Udienza preliminare al tribunale di Milano sul caso Abu Omar. L'ex numero uno del Sismi ha rilasciato delle dichiarazioni spontanee definendosi "un caprio espiatorio". Alta tensione tra il pm Spataro e gli avvocati dell'ex 007 Mancini, uno degli imputati del processo. Udienza aggiornata al 6 febbraio

Milano - Clima incandescente, con scambi di battute e accuse reciproche, nell'aula dove si sta celebrando l'udienza preliminare a carico del generale Nicolò Pollari e altre 26 persone accusate di aver concorso al sequestro dell'ex Imam, Abu Omar. In particolare, a quanto hanno riferito alcuni legali usciti dall'aula per una pausa dell'udienza, il pubblico ministero Armando Spataro avrebbe contestato vivacemente la richiesta dei difensori dell'ex 007 Marco Mancini, i quali hanno denunciato il mancato deposito di materiale di indagine che emerge da una relazione della Digos su Abu Omar, e hanno chiesto, per questa ragione, la nullità dell'atto col quale Pollari e gli altri accusati sono stati rinviati a giudizio. Il pm ha ribattuto che quel materiale di indagine riguarda un altro processo di terrorismo internazionale, quello relativo a Merai. Agli avvocati che denunciavano il mancato deposito di atti, a un certo punto, il pm, si è rivolto così: «State dicendo il falso. In quarant'anni di carriera non ho mai sentito niente del genere». E ancora, a un avvocato che lo pregava di moderare i toni, Spataro ha risposto: «Le sue preghiere se le tenga per sé».

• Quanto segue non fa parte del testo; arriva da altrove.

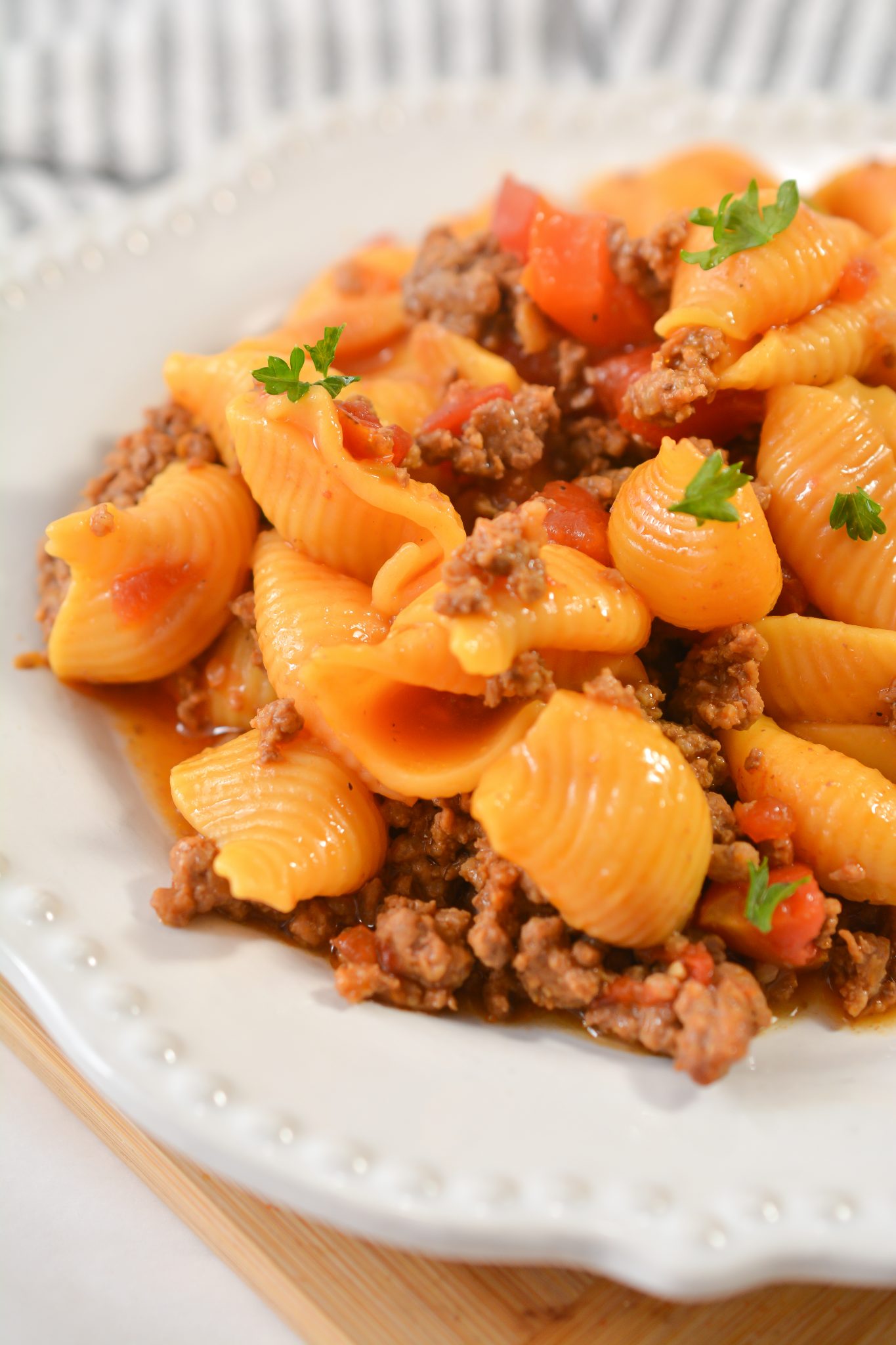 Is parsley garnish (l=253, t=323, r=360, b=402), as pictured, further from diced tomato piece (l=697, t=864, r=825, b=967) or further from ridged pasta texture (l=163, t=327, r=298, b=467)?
diced tomato piece (l=697, t=864, r=825, b=967)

Pollari Il generale Nicola Pollari, secondo quanto riferito dal suo legale Franco Coppi in una pausa dell'udienza preliminare per il caso Abu Omar in corso a Milano, ha letto questa mattina in aula una memoria di una decina di pagine nella quale si definisce «vittima sacrificale, capro espiatorio, di una situazione normativa assurda che non mi consente di esercitare il diritto di difesa». Sempre secondo il legale, Pollari avrebbe insistito sil fatto di sentirsi «una vittima inerte ed impossibilitata ad agire» e ha ribadito di aver sollevato questione di costituzionalità dell'articolo 202 del codice di procedura penale «in base al quale un imputato non può invocare il segreto di Stato, a differenza del testimone, perchè il segreto di Stato prevale sul diritto alla difesa».

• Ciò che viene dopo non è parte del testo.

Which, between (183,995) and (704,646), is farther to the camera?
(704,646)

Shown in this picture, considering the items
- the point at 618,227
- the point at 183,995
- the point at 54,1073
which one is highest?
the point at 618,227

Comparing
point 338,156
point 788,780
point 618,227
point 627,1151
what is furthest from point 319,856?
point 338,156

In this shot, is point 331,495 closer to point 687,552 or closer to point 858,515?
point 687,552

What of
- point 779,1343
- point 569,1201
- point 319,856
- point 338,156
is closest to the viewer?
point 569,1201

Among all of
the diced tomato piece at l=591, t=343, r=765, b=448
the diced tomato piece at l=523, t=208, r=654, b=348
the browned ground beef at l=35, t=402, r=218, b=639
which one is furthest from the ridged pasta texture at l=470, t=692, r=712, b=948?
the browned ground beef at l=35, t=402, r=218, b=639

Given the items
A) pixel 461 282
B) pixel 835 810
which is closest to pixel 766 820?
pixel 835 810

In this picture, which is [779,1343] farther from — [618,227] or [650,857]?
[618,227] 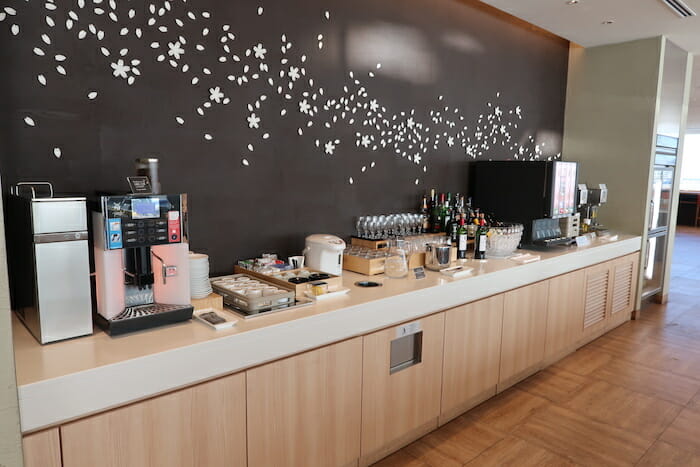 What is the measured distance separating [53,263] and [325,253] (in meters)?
1.35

Il gup È stata aggiornata al 6 febbraio l'udienza preliminare sul caso relativo al sequestro di Abu Omar. Per quella data il giudice per le udienze preliminari Caterina Interlandi deciderà se interrompere il procedimento milanese e rivolgersi alla consulta per un problema relativo alla costituzionalità dell'articolo 202 del codice di procedura penale, come chiede la difesa del generale Nicolò Pollari oppure se respingere l'istanza e procedere oltre.